In the last 48 hours the government of Sir Keir Starmer has ended a link between the House of Lords and the Anglo-Saxon Witan by booting out the hereditary peers and beginning the process of removing the right to trial by jury which goes back to Magna Carta. He probably, genuinely, believes this to have been a good couple of days in the office.

After this bout of constitutional vandalism, Sir Keir came to one thing he probably also wants to abolish but currently cannot: PMQs. Mrs Badenoch tried to ask him about fuel duty – Sir Keir, however, thought he had detected a change in Tory tone and policy on Iran and so decided to speak about that instead. The bottom line was that they were wrong and he – the great Nostradamus of foreign policy – was right. There he stood, the great moraliser, like an old pillowcase filled with mince, and shook his jowls in righteous indignation: ‘They won’t want to hear this,’ he said, in his fleshy caw.

All of this was a) a distraction tactic and b) part of his long running campaign to discredit the leader of the opposition as a potential prime minister rather than answer any of her, or anyone else’s, questions. He lectured Mrs Badenoch about ‘the important decisions a prime minister has to make’, as if he represents an example of noble leadership. Sir Keir presumably thinks that he will one day be whispered of in a hall of fame for his reforming government, as opposed to earning a place in the Chamber of Horrors.


He also sought to make political hay by claiming Mrs Badenoch had shown she was weak by U-turning too much. This is like being condemned for implementing insufficient child safety procedures by King Herod or being accused by Henry VIII of being insufficiently committed to a new relationship.
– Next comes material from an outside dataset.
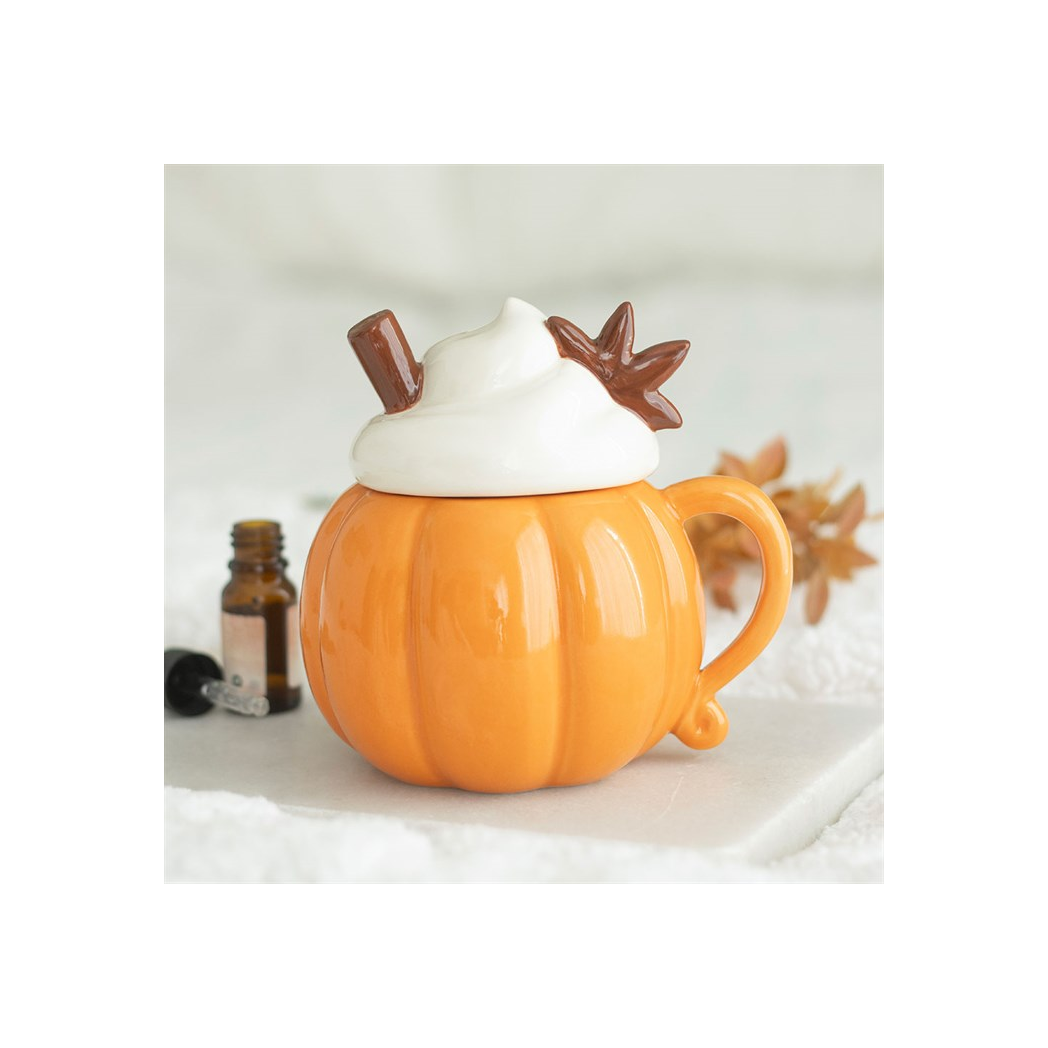 N/A Pumpkin Cream Lidded Oil Burner and Wax Warmer -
I would say there is a naked shamelessness to Sir Keir in moments like this, but it invokes an image which might live – horribly – in our heads, free of rent. Buoyed by what he clearly thought of as a rare success at the dispatch, Sir Keir launched into a series of counterfactuals about what might happen were Mrs Badenoch in charge. This was so egregious that even Sir Lindsay Hoyle, the somnolent Cerberus of Parliamentary standards, had grown fed up. ‘This is Prime Minister’s Questions, not opposition questions,’ he sighed at Sir Keir and cut him off mid-righteous oink.
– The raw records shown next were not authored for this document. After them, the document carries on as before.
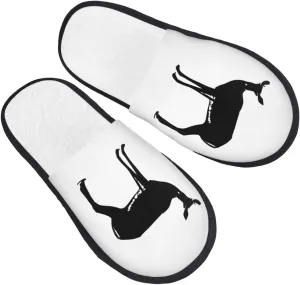 Impala In Silhouette Slippers Winter Indoor and Outdoor Slipper Warm Cozy Soft Lightweight House Shoes Fuzzy Slip-On Slipper Large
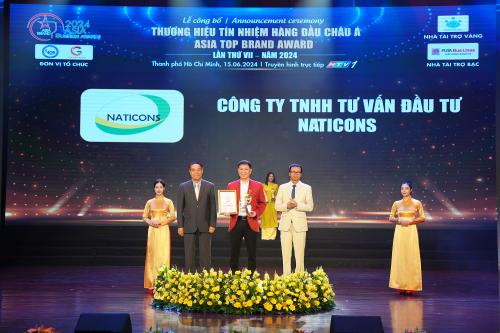 Naticons đạt Top 10 Thương hiệu Tín nhiệm Hàng Đầu Châu Á – Asia Top Brand Award 2024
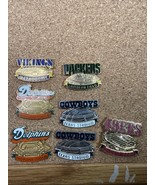 1997 NFL Stadium Pins Lot 7 Cowboys Dolphins Packers Vikings 49ers Pro P... - $129.91 CAD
Mrs Badenoch asked again about petrol and finally we got something resembling an answer to a question. ‘There’s not going to be a rise in fuel duty,’ squealed the Prime Minister. If that isn’t a sign to get down to William Hill and put the house on an imminent U-turn, then I don’t know what is. It was short lived: he switched quickly into a rant about the RAF.
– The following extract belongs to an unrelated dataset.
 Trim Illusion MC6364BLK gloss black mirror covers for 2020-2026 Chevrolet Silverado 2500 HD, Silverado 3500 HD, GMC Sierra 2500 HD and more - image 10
By the end of Mrs Badenoch’s time, the two were having completely different conversations, indeed they may as well have been in separate rooms. The rest of the session consisted of a Labour MP asking a jokey question about his mum, the Lib Dems continuing their impression of one of those joke client parties who make up the ‘opposition’ in the Russian Duma and, as he does every week, Stephen Flynn of the SNP glowering at Sir Keir with raw contempt. It’s probably a blessing the link with the Witan has been extinguished; one can only imagine what the ghosts of thanes past would make of the day-care centre which parliament has become. Still, we’ll have to tune in next week to see if the Prime Minister answers any questions then, but don’t hold your breath.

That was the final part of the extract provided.